O júri popular do sargento da Polícia Militar Pedro Inácio Araújo, acusado de estuprar e matar a universitária Zaira Cruz, de 22 anos, foi cancelado nesta terça-feira (3) em Natal. A decisão ocorreu após os advogados do réu abandonarem o plenário do Fórum Miguel Seabra Fagundes, alegando cerceamento de defesa.
O júri havia começado na segunda-feira (2) e acontecia a portas fechadas. O caso é conhecido como “Caso Zaira”. A vítima foi encontrada morta em 2 de março de 2019, durante o sábado de carnaval, em Caicó. Pedro Inácio é o único acusado pelo crime.
Segundo o TJRN, os advogados do sargento deixaram a sessão após terem perguntas indeferidas pelo presidente do júri.
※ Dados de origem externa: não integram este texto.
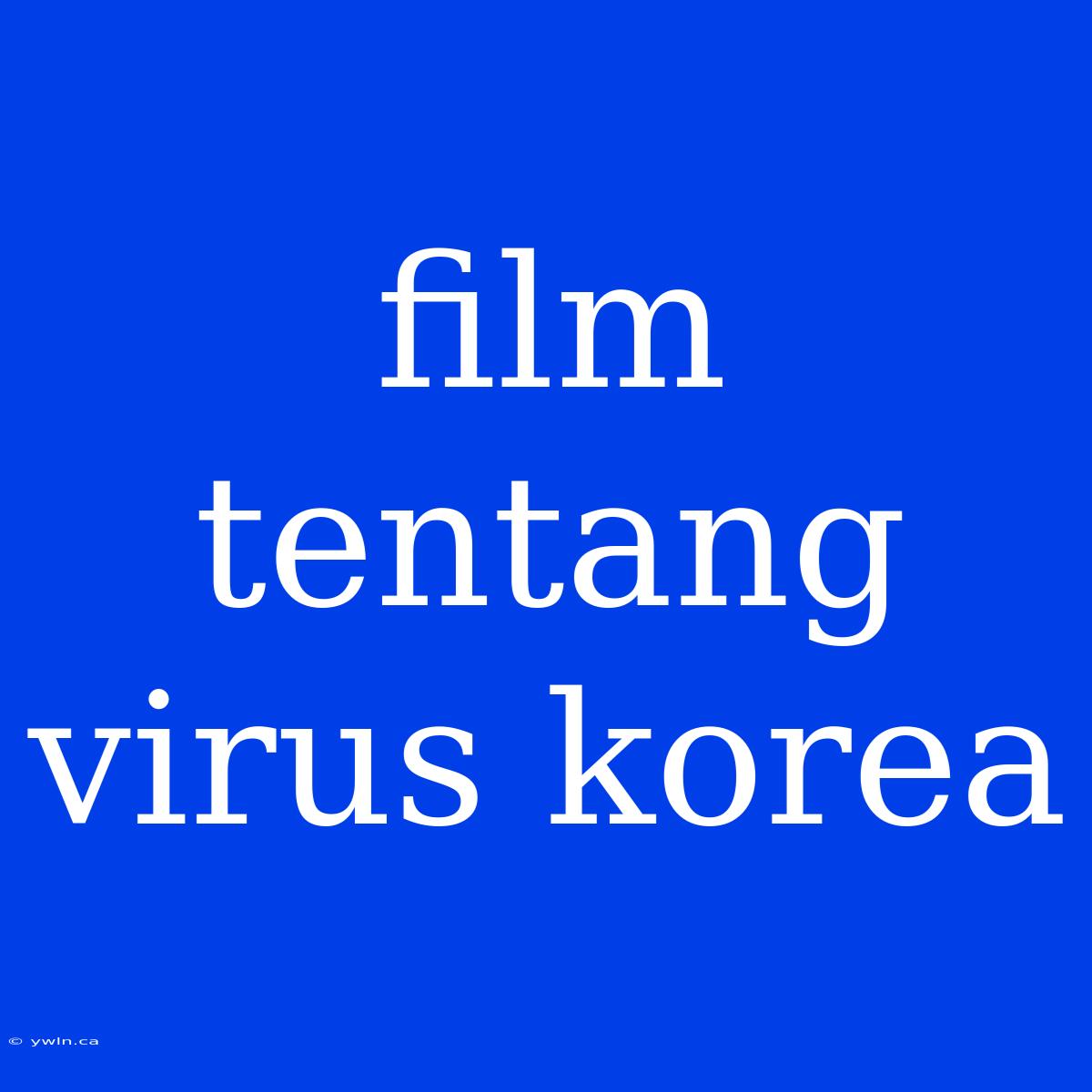 Film Tentang Virus Korea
Eles alegaram que as questões eram essenciais para a estratégia da defesa. O Ministério Público argumentou que as perguntas poderiam ferir a dignidade da vítima, o que foi aceito pelo magistrado.
Após o cancelamento da sessão, o Ministério Público solicitou que sejam levantados os custos para realização do julgamento, com vistas a pedir eventual ressarcimento pela defesa do réu. O caso permanece em segredo de justiça.
O julgamento estava previsto para durar toda a semana, com depoimentos de até 22 testemunhas até a próxima sexta-feira (6).